The technology can be found already in real-world applications such as pregnancy tests—where gold nanoparticles coated with an antibody against the hormone found in the urine of pregnant women is incorporated into the 'positive' strip so it reacts with the nanoparticles to change the stick red—but is not yet extensively used in drug development.

Thus far the process of coating the nanoparticles meant that the proteins used had to be 'mixed' along with particles which do not possess the ability to regulate the way they bind, probably rendering the drug less effective. The new technique enables pharmacologists to position the proteins onto the gold nanoparticles layer by layer in a particular order. This maintains the integrity of the protein so that the drug is more effective, paving way for the development of nanomedicine.

The details of the research have been reported in the journal Nature Communications.

Gold nanoparticles are a vital tool in new drug development and drug delivery systems. We have unlocked the key to binding proteins and molecules so that those drugs will be more effective.

This method might help to design nanomedicines that do not need extensive chemical modification of a protein drug or a nano-carrier and therefore can be developed more easily and faster.

Dr Enrico Ferrari, Lead Researcher & Nanobiotechnologist from the University of Lincoln's School of Life Sciences

The team took fragments of proteins from flatworms and bacteria, which when fused together were effective at binding to the gold nanoparticle surface and capable of forming firm bonds to any other protein.
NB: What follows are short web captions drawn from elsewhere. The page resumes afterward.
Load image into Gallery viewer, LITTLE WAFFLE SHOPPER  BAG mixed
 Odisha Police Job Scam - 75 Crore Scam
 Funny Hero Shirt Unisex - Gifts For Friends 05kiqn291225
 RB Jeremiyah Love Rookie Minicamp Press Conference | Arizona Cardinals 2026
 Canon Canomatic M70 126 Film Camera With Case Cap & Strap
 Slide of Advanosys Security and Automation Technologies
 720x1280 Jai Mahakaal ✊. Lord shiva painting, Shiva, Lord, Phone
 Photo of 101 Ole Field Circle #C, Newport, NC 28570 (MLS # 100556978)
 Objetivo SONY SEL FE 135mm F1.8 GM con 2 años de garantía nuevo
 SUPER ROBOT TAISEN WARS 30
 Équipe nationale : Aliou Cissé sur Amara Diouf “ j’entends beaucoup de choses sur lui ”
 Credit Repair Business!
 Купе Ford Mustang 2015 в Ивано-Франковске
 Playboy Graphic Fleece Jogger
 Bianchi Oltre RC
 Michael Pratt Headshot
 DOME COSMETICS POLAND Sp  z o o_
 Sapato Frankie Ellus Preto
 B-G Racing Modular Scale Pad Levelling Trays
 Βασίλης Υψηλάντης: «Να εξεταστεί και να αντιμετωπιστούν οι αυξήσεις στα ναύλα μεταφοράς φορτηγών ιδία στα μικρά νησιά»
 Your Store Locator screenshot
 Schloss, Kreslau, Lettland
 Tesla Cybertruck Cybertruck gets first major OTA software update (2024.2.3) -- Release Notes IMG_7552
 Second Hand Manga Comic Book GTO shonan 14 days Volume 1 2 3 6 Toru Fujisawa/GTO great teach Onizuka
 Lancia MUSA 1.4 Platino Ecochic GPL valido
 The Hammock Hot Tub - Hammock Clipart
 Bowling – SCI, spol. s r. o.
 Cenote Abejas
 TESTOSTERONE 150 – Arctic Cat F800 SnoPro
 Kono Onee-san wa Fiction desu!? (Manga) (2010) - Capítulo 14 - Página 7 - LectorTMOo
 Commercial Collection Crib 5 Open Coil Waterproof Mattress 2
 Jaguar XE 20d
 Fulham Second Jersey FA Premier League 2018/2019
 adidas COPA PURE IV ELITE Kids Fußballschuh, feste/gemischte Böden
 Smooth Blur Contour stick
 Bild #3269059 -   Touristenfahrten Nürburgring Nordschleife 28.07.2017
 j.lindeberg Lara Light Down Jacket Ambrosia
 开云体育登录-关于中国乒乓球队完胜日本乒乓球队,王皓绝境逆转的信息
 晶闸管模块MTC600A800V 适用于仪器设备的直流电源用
By blending this fusion protein with gold nanoparticles, it permanently binds to the gold surface while also being able to firmly bind a target protein on which a particular 'tag' was incorporated.

This is a new universal technique to bind proteins to nanoparticles which will be effective for most proteins, making the process a more appealing prospect for pharmaceutical companies, the researchers said. The technique could also possibly be applied to biosensors and diagnostic kits that use gold, such as those employed in clinical settings to detect ongoing infections in patients' blood.